地図から消えた村 / 琵琶湖源流七集落の記憶と記録

1969年、長浜市広報課勤務になった著者は「今の北近江の風景や暮らしを写真の残せば歴史になる」と言われたことが契機となり、滋賀県北部の民俗や人々の暮らしを中心に記録を残してきた。高度経済のもと大きく変貌する農村の記録をまとめた北近江 農の歳時記』を2000年に上梓、第5回自費出版文化賞大賞を受賞する。

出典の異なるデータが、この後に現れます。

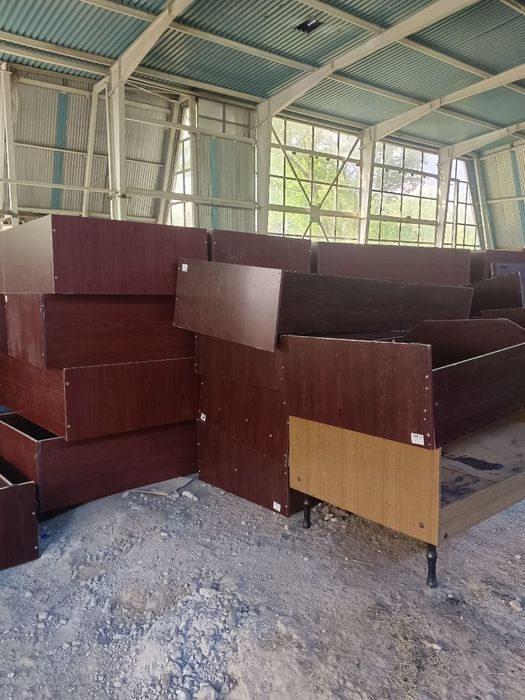 Shkaf va krovatlar sotiladi.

今回は、過疎や大型ダム建設によって離村した7集落の人々の在りし日の暮らしの写真とともにその写真展に参加した人々の姿をまとめ、村と人々の記憶と記録を収録。ダム建設は中断し、村は水底には沈まなかったが、地図から集落の名前は消えた。巻末に掲載された人々が暮らした姿、離村間もないころ、そして大自然に飲み込まれた今の姿から、著者は「人は去っても山河は変わらず、人の営みは自然からの借り物であったことに気づかされた」とつぶやく。撮影を開始して25年後人々は離村、そして今日まで27年という半世紀の記録。最初はカメラを向けると背を向けた人々も次第に「まあ上がって」といわれるようになる。やがて消えるこの暮らしや風景を撮っておかないとという使命感が著者の背を押し続けたのであった。